Day 8 - Ponchos and Puddles
Wow, what a night at Camp Epic. Staying in a glamping tent sounds romantic and exciting, but as the northwesterly winds blew and the rains fell in sheets, it was more like a nightmare. Around 1 am in the morning, it felt like the tent would blow away. We had the alarm set for 5 am and awoke to high winds and heavy rain. Lots of thoughts went through our heads. “Will the track be open today?” How much rain will fall? Should we just sleep in and hope that the rain would stop?
Instead, after breakfast and a photo in our ponchos, we decided we would indeed hit the track. We were expecting a real rollercoaster ride today, 92 km and 1,100-meter climb. But we took on the challenge and pedalled away from Cape Epic towards our planned destination.
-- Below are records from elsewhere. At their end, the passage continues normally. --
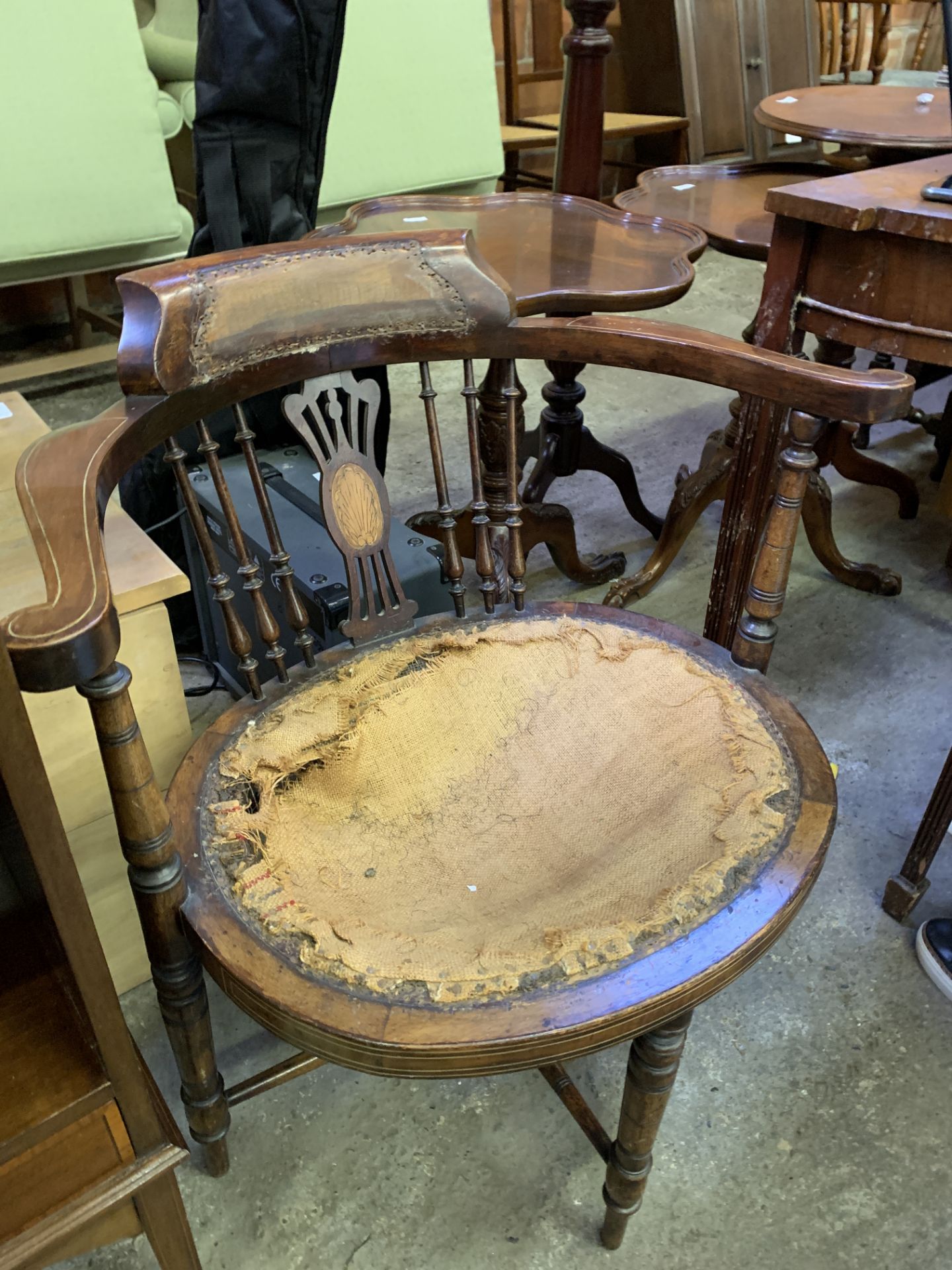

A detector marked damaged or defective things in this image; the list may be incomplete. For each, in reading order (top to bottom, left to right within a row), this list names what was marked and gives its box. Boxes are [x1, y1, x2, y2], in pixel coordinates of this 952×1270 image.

torn burlap fabric [210, 614, 797, 1000]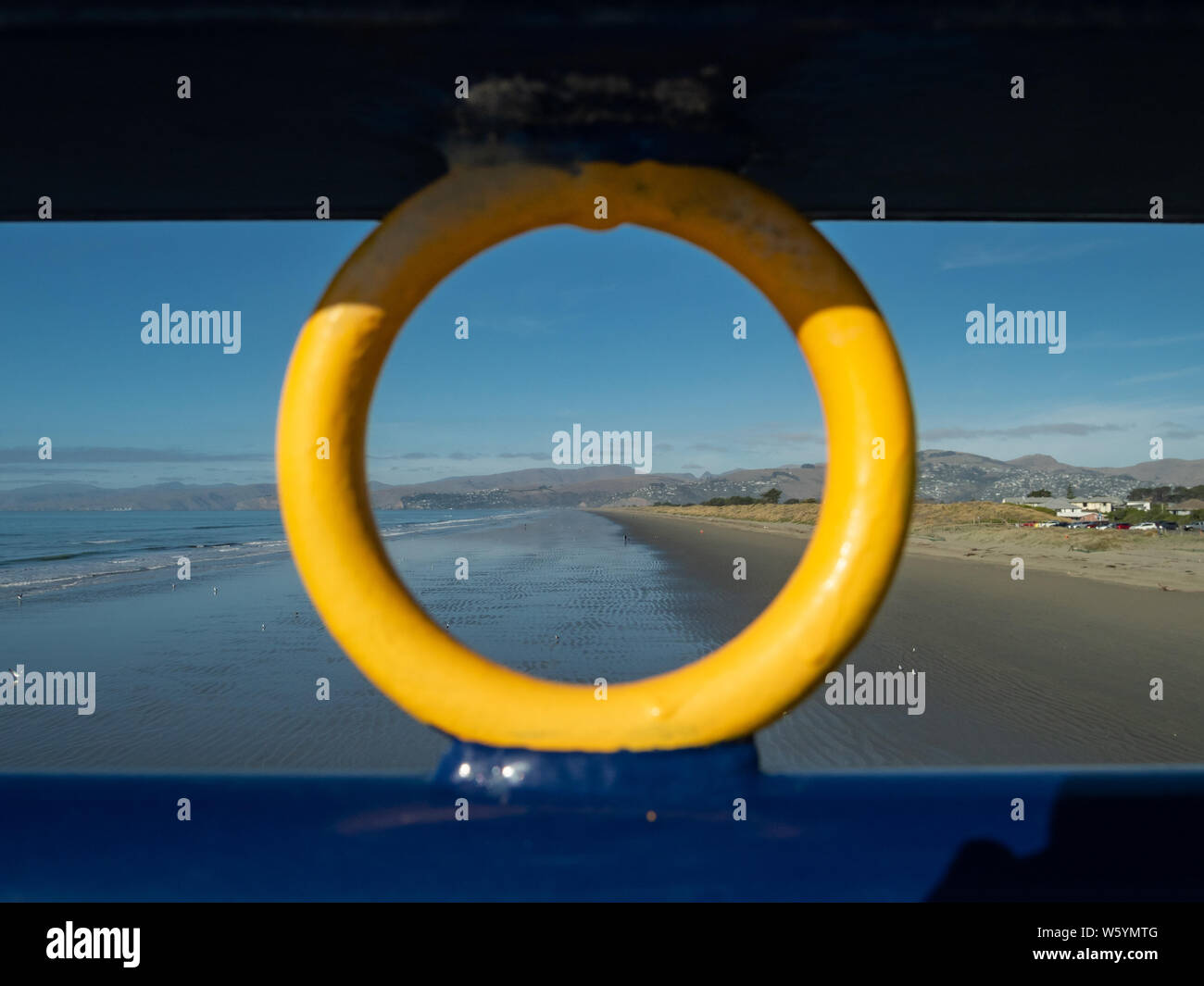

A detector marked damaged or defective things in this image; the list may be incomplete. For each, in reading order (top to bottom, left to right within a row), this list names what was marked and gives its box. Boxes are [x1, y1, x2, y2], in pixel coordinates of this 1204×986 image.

rust stain on yellow ring [275, 159, 909, 746]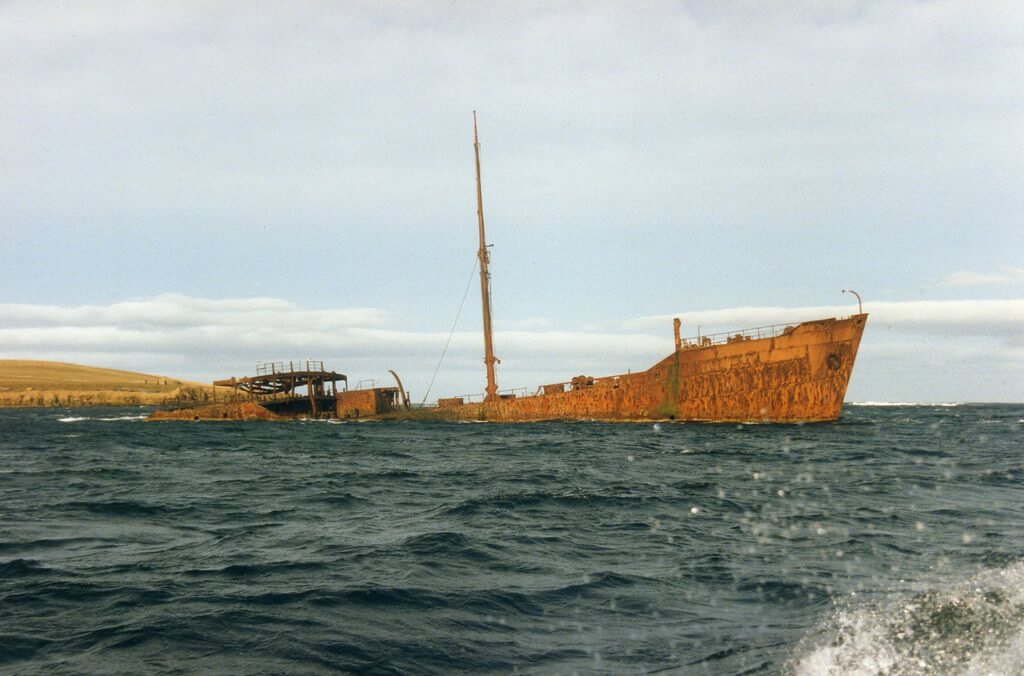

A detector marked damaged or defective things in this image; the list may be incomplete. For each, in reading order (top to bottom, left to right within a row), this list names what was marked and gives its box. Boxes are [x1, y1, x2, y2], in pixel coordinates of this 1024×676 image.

rusty deck structure [146, 115, 864, 421]
rusty shipwreck [148, 114, 864, 421]
rusted steel hull [428, 313, 868, 419]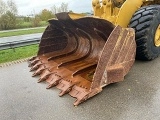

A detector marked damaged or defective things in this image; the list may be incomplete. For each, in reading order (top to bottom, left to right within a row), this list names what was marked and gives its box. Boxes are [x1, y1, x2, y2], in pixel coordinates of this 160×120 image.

rust on metal [28, 12, 136, 105]
rusty bucket [28, 12, 136, 105]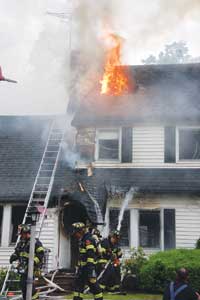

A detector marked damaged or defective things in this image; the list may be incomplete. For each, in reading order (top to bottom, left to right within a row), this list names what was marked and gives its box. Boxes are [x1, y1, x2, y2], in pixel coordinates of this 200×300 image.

The day kicked off with crossing the 2.5 km awe-inspiring Maramataha suspension bridge. Spanning a whopping 141 meters. This engineering marvel left us breathless – not only from the views but more so from trying not to look down!
We then hit a 3 km climb to the old railway terminus, where our legs got a good warm-up in preparation for another long distanced day. We kept our eyes peeled for the historic tramway, a relic of yesteryear that's now a playground for adventurous bikers.
We encountered some iconic landmarks, including the Waione suspension bridge, the Waikoura suspension bridge, and the Mangatukutuku bridge. I started counting puddles, but quit counting once I reached 100. We approached each puddle with caution as we never actually knew the true depth of them until we entered. Several unscheduled dismounts and a few falls later, we began to wise up a bit. Next, I counted goats, 14 in total today, and one who chose to run towards me instead of away.
One of the day’s highlights was the Ongarue Spiral where the trail looped using bridges and a tunnel. This twisty-turny wonder gave us the feeling of being a kid on a carnival ride, except with a little more sweat and no cotton candy.
Once off the timber trail, we stopped for lunch and washed our bikes down with a neighboring hose.
The next leg of our (rain-soaked) adventure would take us from Ongarue to Ohura. This route was an old gravel road, filled with interesting sights, including a ride through a railway underpass and a crossing of the Okahukura River on the old railway bridge.
As we made our way through the Okahukura Scenic Reserve, we couldn't help but appreciate the natural beauty that surrounded us. The historic horse watering trough was a charming reminder of days gone by, adding to the real heritage of our journey.
Finally, we arrived at Ohura township where we were finished for the day. The town looked abandoned. A shame, I guess, as it seems so quaint and wonderful.
We loaded the van and had to drive 40 km away for a place to stay. Soaked, cold, and depleted, we relived the day. We then drove into the Omaka Lodge. Wow, well worth the drive. We were greeted by Scott and Chris, the owners.
Located 7 km from the township of Taumarunui lies Omaka Lodge, formerly a “war-ballot” dairy farm designated for soldiers returning from World War 1, then sheep and beef station, and now converted to a boutique bed & breakfast venue in the heart of New Zealand’s Forgotten World.
Well positioned on the crest of a hill, with magnificent views of Herlihy’s Bluff and Mount Hikurangi, with a peek of Mount Ruapehu. The Forgotten World Gardens consists of four large and beautiful country gardens and are a 5-star garden of national significance.
As you can imagine we were all very excited to settle into this little gem and could not wait for our next hot shower!